A Lake Como fantasy above Silicon Valley

What sets Villa de Verano apart from other big ticket listings is its insistence on transporting you somewhere else entirely. Instead of leaning on the usual glass box aesthetic, the estate channels an Italian lakeside resort, with architecture and landscaping that deliberately evoke the villas around Lake Como. You move through cypress lined approaches, stone loggias, and terraced gardens that are designed to feel more like a European retreat than a suburban Bay Area address, even though you are minutes from the tech corridors of Silicon Valley.

Reporting on the property describes how the owners drew inspiration from Italy’s Lake Como when they commissioned the design, resulting in a sprawling main house and grounds that read as a cohesive Mediterranean fantasy rather than a pastiche of styles, a vision detailed in coverage of the Lake Como inspired estate.
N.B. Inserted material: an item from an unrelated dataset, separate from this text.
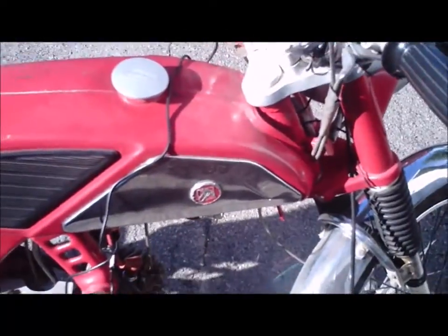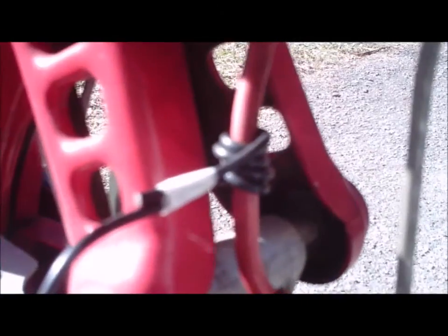Here we are with the Toro. We just placed the hour meter on the top there, just somewhere for it to be. Down here, as per their recommendation, you just wrap the black lead four times around the spark plug wire. They supply you with a zip tie to tighten that, but cheap me, I just used some white electrical tape — it's just for testing anyway, so what the heck. That's all you have to do. We'll spark up the bike and see what she has to say for herself.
That sensibility carries through to the lower parts of the property, where the sports complex, water features, and planted slopes are all orchestrated to preserve the illusion that you are looking out over a European landscape rather than Northern California hills.

Inside the main house, where every detail is bespoke

Step through the front doors and you are immediately in a world where almost nothing is off the shelf. The main residence is organized around grand entertaining spaces, with a double height living room, formal dining room, and a sequence of lounges that are scaled for large gatherings but detailed enough to feel intimate when you are alone. Stone fireplaces, carved woodwork, and custom plasterwork are not decorative afterthoughts, they are the backbone of the interior architecture, and they set a tone that is closer to a European country house than a typical Peninsula mansion.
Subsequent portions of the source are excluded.